Session hijacking is when an attacker steals a session cookie or auth token and uses it to act as the user. Always-logged-in apps (phone apps, Outlook, social apps) often use refresh tokens that keep access alive until you revoke sessions.
If an attacker can run JavaScript inside your site (unsafe HTML rendering, vulnerable input, compromised scripts), they can steal tokens in JS storage or perform actions as the user.
If your site allows HTTP or mixed content, cookies/tokens can leak on unsafe networks or via downgrade tricks.
Malicious downloads/extensions/apps often steal sessions/tokens, leading to account takeover.
Duo Mobile is a multi-factor authentication (MFA) app used by businesses (VPN, Microsoft 365/SSO, admin portals, etc.). It commonly uses push approvals and/or codes to confirm it’s really you signing in.

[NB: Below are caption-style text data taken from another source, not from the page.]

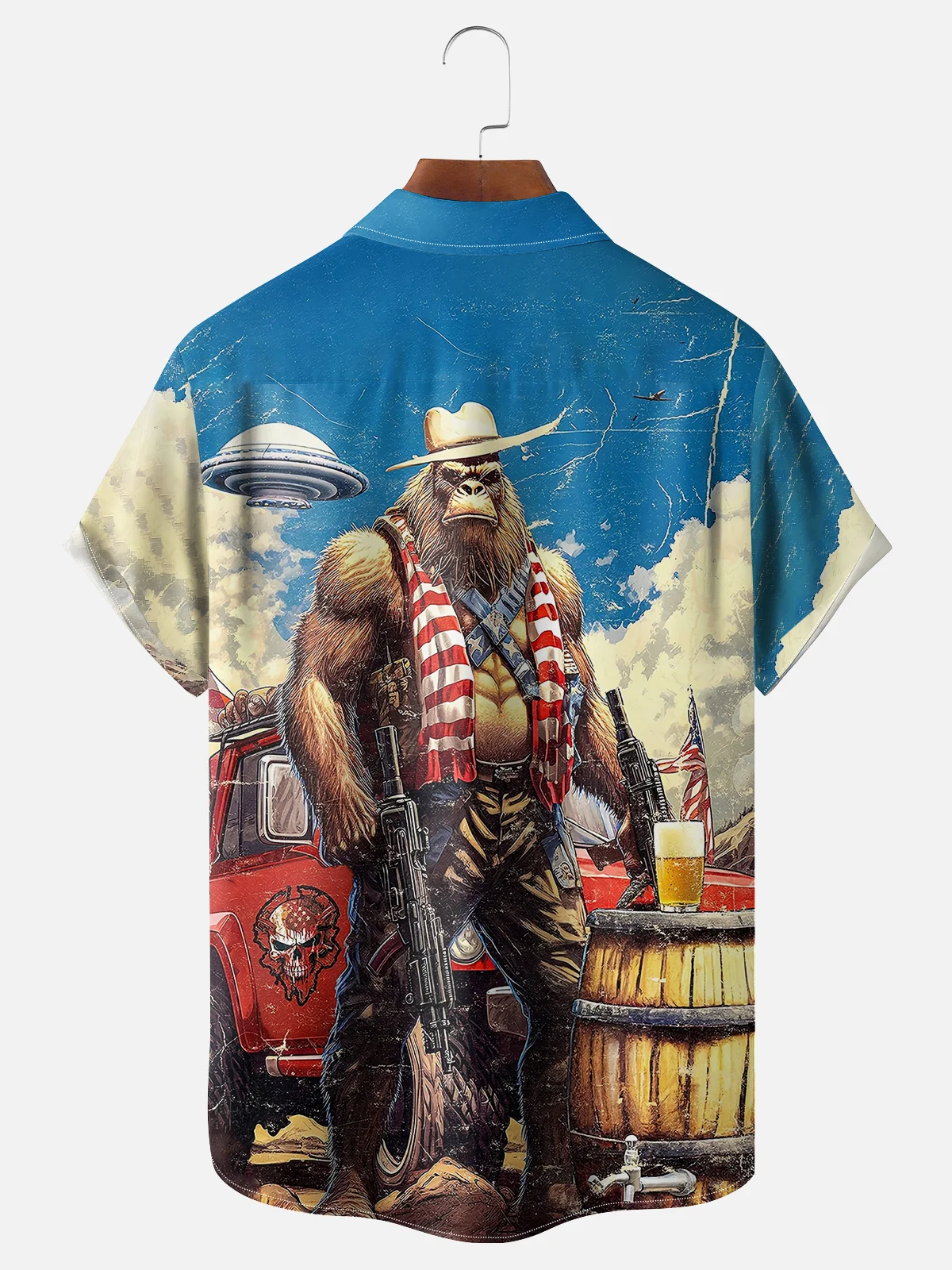 Men's Funny Graphic Short Sleeve Shirt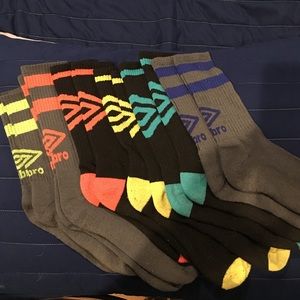 Boys Socks umbro 6 pairs all colors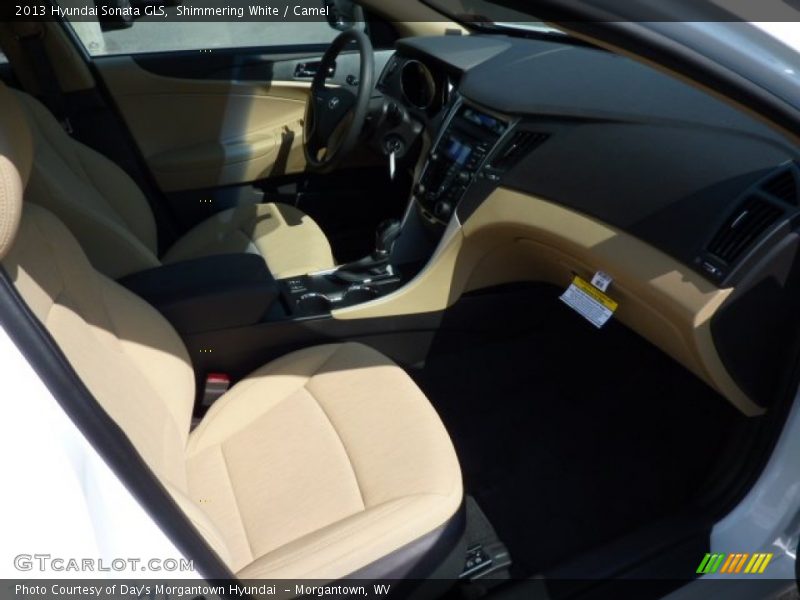 Shimmering White / Camel 2013 Hyundai Sonata GLS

For high-value accounts (Google, Microsoft, YouTube, business admin logins), the strongest practical login protection is: Passkeys and/or a hardware security key (FIDO2/WebAuthn).
Apps commonly use short-lived access tokens + long-lived refresh tokens stored on the device. As long as the refresh token stays valid, the app can keep you signed in for weeks/months.
Most logins rely on session cookies (or tokens) to remember that you already authenticated. Blocking cookies can protect privacy, but it can also break sign-in or cause repeated logouts.
If someone stole a session cookie/token or an app refresh token, they may still be logged in even after a password change. The fix is to terminate sessions and remove persistence.